(Caption-style text data)
··········

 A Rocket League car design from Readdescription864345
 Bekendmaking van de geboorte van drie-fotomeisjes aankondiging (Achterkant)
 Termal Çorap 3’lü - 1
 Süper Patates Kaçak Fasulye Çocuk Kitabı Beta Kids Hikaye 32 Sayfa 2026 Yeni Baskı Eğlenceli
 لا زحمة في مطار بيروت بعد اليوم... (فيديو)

··········

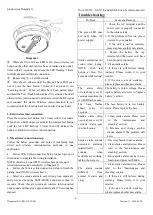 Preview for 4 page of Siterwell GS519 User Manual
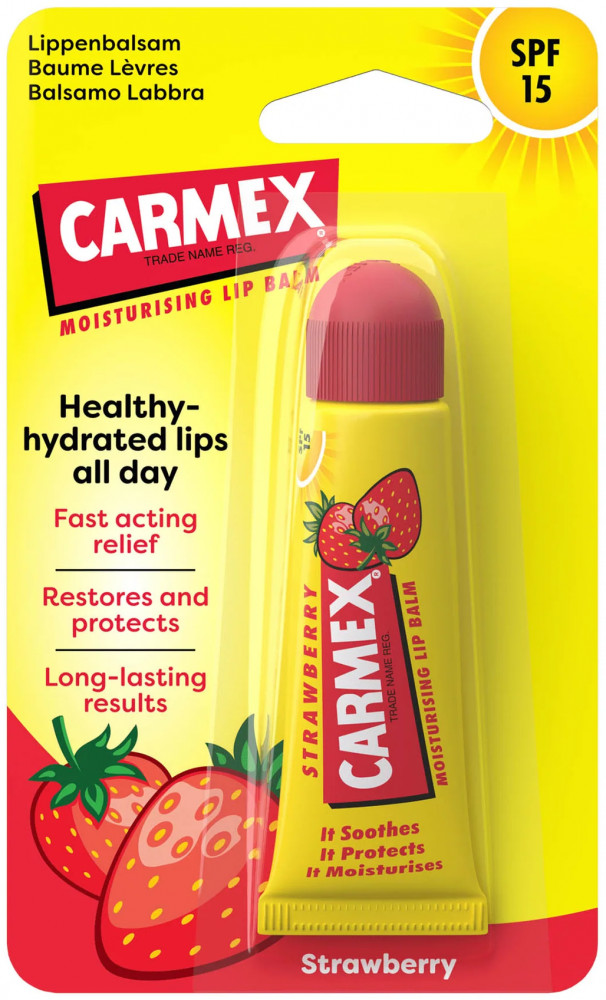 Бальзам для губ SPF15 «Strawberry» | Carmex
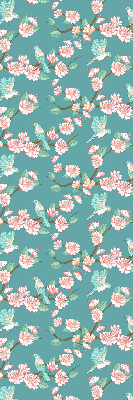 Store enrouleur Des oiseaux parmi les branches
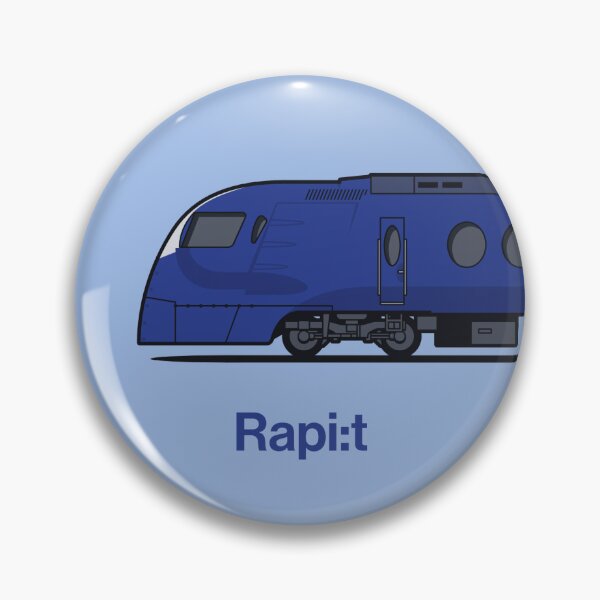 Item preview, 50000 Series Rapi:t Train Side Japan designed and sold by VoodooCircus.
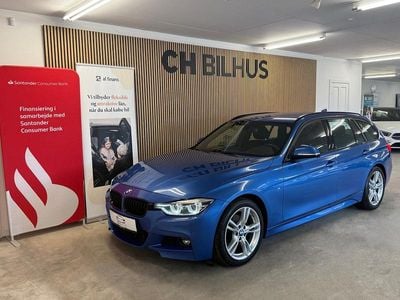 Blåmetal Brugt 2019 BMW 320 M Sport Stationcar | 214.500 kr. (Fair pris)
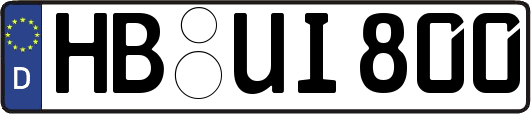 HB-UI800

··········

Work request =>
Transcribe the lines above between the line holding "A Rocket League" and the line holding "لا زحمة في مطار بيروت بعد اليوم... (فيديو)", inclusive, exactly as they stand and with nothing added.

Written answer =>
 A Rocket League car design from Readdescription864345
 Bekendmaking van de geboorte van drie-fotomeisjes aankondiging (Achterkant)
 Termal Çorap 3’lü - 1
 Süper Patates Kaçak Fasulye Çocuk Kitabı Beta Kids Hikaye 32 Sayfa 2026 Yeni Baskı Eğlenceli
 لا زحمة في مطار بيروت بعد اليوم... (فيديو)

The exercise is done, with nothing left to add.